Work to be completed - Your copy should start at the line with "TRQ® - Front" and end at the line with "ColsBM Page Rose" in the data below. Transcribe only those lines, exactly, pictures excluded.

Data records -
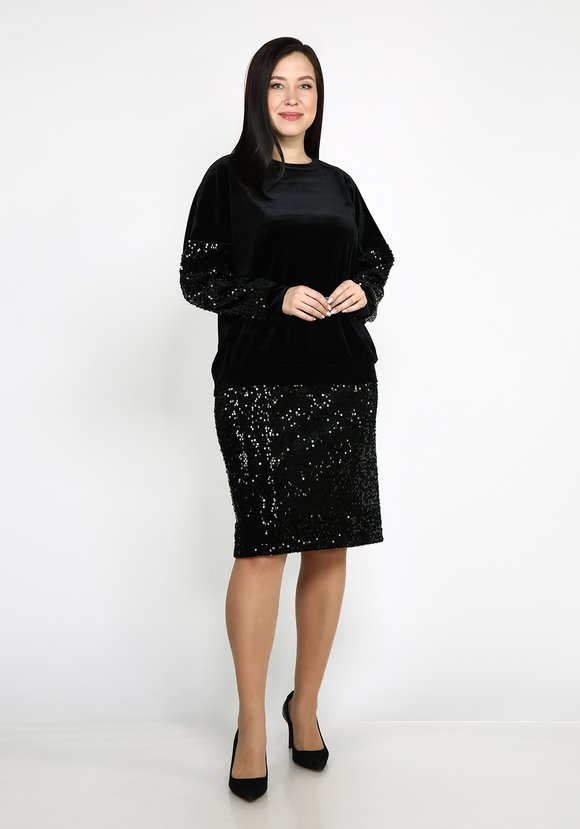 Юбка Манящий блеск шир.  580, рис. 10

* * *

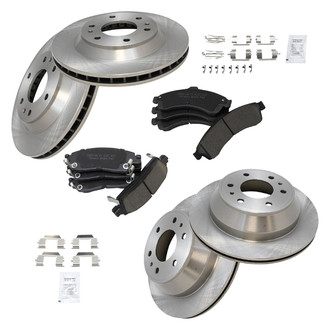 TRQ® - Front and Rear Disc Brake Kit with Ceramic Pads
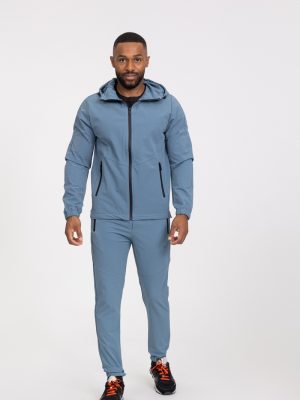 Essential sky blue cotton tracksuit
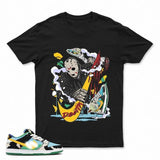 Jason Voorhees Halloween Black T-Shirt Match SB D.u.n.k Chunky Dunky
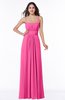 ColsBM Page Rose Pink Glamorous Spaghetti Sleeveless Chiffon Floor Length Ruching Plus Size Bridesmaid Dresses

Output of the exercise -
 TRQ® - Front and Rear Disc Brake Kit with Ceramic Pads
 Essential sky blue cotton tracksuit
 Jason Voorhees Halloween Black T-Shirt Match SB D.u.n.k Chunky Dunky
 ColsBM Page Rose Pink Glamorous Spaghetti Sleeveless Chiffon Floor Length Ruching Plus Size Bridesmaid Dresses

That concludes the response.